Ads urging five major newspapers to drop George Will following his offensive column demeaning campus sexual assault victims are being sponsored by the women's rights group UltraViolet and highlight a survivor who first told her story to Media Matters.
The ads seek the removal of Will's syndicated column from the Chicago Tribune, San Jose Mercury News, Orlando Sentinel, The Detroit News, and Richmond Times-Dispatch. The group has been running an online petition urging The Washington Post, Will's flagship paper, to drop him as well.
"Rape is a crime that keeps women from having equal access to essential services, like education, and addressing that is essential to equality," Shaunna Thomas, co-founder of UltraViolet, said in a release.
At issue is Will's June 6 column that sparked outrage from women's organizations, U.S. senators, and college rape survivors for suggesting that sexual assault victims -- or people who Will decided were only claiming to be sexual assault victims -- enjoyed "a coveted status that confers privileges." To make his point, Will relied on an anecdote from a Philadelphia magazine article about a young woman from Swarthmore College, implying that he didn't believe her story qualified as an actual incident of assault.
That woman, Lisa Sendrow, spoke with Media Matters in an interview published earlier this week, stating: "I absolutely have not received any privileges from sexual assault. [Will] has clearly never experienced the fear of sexual assault ... He clearly has no idea how hard it is to sleep, to walk around, thinking at any moment this person that you live down the hall from could come out."
Since the column was published, The St.

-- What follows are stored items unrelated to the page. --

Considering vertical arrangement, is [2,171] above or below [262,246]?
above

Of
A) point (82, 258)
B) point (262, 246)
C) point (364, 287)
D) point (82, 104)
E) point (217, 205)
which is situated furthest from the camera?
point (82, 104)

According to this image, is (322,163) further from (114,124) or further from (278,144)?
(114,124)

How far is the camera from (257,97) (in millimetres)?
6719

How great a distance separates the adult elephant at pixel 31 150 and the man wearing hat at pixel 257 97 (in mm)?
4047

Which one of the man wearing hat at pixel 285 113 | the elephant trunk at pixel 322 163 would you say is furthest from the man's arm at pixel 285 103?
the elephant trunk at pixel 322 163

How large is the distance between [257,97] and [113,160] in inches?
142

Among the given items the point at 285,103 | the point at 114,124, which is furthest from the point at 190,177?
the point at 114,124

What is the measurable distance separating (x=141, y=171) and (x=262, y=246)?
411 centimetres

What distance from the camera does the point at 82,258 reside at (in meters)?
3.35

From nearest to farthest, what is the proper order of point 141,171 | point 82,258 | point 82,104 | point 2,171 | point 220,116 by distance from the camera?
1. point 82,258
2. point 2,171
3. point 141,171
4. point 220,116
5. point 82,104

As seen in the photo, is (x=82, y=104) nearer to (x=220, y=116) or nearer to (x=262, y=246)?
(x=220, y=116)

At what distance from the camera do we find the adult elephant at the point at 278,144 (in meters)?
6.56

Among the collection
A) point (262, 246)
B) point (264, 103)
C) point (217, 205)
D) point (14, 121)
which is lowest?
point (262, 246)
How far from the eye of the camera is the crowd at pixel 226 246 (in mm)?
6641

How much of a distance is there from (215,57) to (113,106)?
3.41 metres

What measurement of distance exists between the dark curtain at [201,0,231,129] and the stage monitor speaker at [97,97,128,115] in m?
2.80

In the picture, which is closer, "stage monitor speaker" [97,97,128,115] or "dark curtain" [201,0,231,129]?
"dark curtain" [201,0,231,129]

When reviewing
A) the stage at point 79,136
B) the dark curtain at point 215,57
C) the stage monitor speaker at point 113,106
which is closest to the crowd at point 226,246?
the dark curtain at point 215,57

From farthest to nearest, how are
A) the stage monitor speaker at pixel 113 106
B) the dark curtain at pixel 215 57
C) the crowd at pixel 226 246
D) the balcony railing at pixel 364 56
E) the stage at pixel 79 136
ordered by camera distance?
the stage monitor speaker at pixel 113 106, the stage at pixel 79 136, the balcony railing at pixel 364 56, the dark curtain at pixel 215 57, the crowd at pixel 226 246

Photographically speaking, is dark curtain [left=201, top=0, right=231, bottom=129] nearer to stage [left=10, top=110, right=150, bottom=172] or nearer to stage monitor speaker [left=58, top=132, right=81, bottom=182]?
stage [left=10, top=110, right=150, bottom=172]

Louis Post-Dispatch announced it would stop running Will's column, while the Tribune Editorial Page Editor Bruce Dold declined to run the particular campus rape column, telling Media Matters it was "misguided and insensitive."

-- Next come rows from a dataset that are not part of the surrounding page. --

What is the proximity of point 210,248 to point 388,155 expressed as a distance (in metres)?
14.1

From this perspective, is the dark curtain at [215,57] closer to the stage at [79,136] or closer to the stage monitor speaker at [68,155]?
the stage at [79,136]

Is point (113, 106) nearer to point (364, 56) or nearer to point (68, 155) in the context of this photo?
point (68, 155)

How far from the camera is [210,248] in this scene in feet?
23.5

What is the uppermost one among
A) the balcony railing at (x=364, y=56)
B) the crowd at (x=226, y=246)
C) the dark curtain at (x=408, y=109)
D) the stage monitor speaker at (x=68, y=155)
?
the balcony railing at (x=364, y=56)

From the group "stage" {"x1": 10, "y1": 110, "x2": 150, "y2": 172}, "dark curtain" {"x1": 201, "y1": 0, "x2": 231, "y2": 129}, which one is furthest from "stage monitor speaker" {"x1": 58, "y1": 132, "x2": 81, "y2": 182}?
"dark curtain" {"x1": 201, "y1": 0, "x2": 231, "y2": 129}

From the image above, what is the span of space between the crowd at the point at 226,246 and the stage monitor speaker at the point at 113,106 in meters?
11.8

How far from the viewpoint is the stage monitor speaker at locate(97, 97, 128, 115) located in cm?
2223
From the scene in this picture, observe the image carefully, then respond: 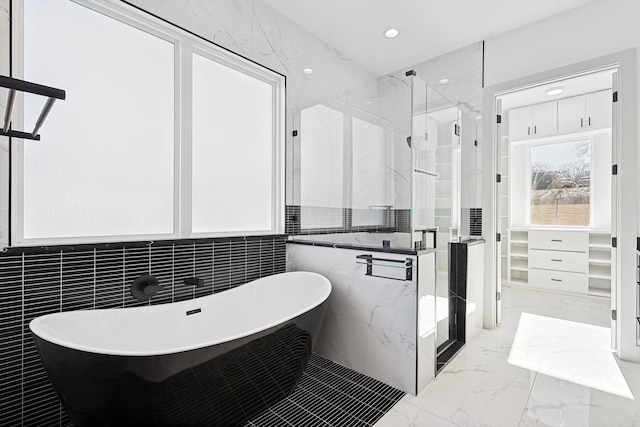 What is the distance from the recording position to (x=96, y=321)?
1609 millimetres

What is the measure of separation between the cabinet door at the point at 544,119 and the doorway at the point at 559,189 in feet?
0.04

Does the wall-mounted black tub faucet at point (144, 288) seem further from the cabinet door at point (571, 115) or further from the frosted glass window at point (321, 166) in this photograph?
the cabinet door at point (571, 115)

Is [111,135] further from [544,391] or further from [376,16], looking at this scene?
[544,391]

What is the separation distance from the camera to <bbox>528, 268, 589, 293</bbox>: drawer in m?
4.26

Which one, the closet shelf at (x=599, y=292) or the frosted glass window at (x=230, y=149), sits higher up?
the frosted glass window at (x=230, y=149)

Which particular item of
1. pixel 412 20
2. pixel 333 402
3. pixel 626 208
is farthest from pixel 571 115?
pixel 333 402

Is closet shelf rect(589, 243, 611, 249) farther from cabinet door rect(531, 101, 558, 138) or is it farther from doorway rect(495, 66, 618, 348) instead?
cabinet door rect(531, 101, 558, 138)

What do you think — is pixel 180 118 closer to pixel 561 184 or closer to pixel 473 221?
pixel 473 221

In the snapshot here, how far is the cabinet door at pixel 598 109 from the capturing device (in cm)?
412

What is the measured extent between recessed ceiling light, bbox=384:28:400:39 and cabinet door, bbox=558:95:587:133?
2959 millimetres

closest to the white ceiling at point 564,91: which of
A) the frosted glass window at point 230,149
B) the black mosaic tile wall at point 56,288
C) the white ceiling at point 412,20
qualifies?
the white ceiling at point 412,20

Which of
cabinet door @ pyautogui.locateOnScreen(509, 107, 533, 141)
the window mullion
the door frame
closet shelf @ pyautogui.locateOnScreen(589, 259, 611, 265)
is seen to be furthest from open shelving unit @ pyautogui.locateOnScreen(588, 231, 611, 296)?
the window mullion

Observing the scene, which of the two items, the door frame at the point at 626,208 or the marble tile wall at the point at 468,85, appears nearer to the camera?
the door frame at the point at 626,208

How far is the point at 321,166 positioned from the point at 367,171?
16.3 inches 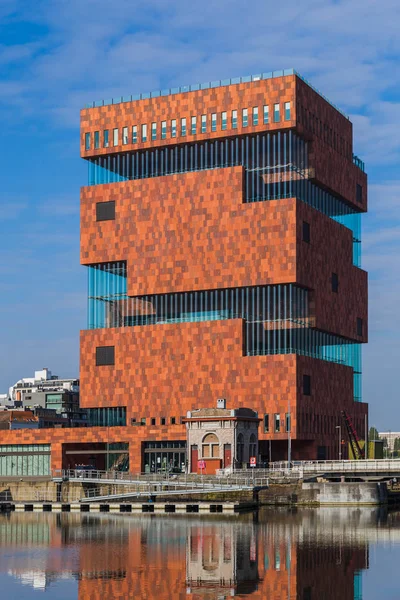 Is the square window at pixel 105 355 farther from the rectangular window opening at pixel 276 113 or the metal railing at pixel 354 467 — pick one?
the metal railing at pixel 354 467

A statement from Sendrow is included in UltraViolet's press release about the ad campaign, in which she notes that survivors are "further victimized by people like George Will" when their stories are "dismissed, diminished, and brushed aside."
The ads are running online through banner advertisements and Facebook in the cities where the newspapers are located.
UltraViolet also offered the testimony of "Elizabeth B," another survivor of campus sexual assault, who said: "In my junior year of college I was assaulted by a serial rapist while walking from campus to my apartment. People from the police to other students questioned my story or made comments that suggested I was responsible. George Will's destructive column brought the pain of that trauma right back for me, and makes it even harder for survivors to come forward. He has a right to free speech but no god-given right to write a biweekly column in the Washington Post or anywhere else."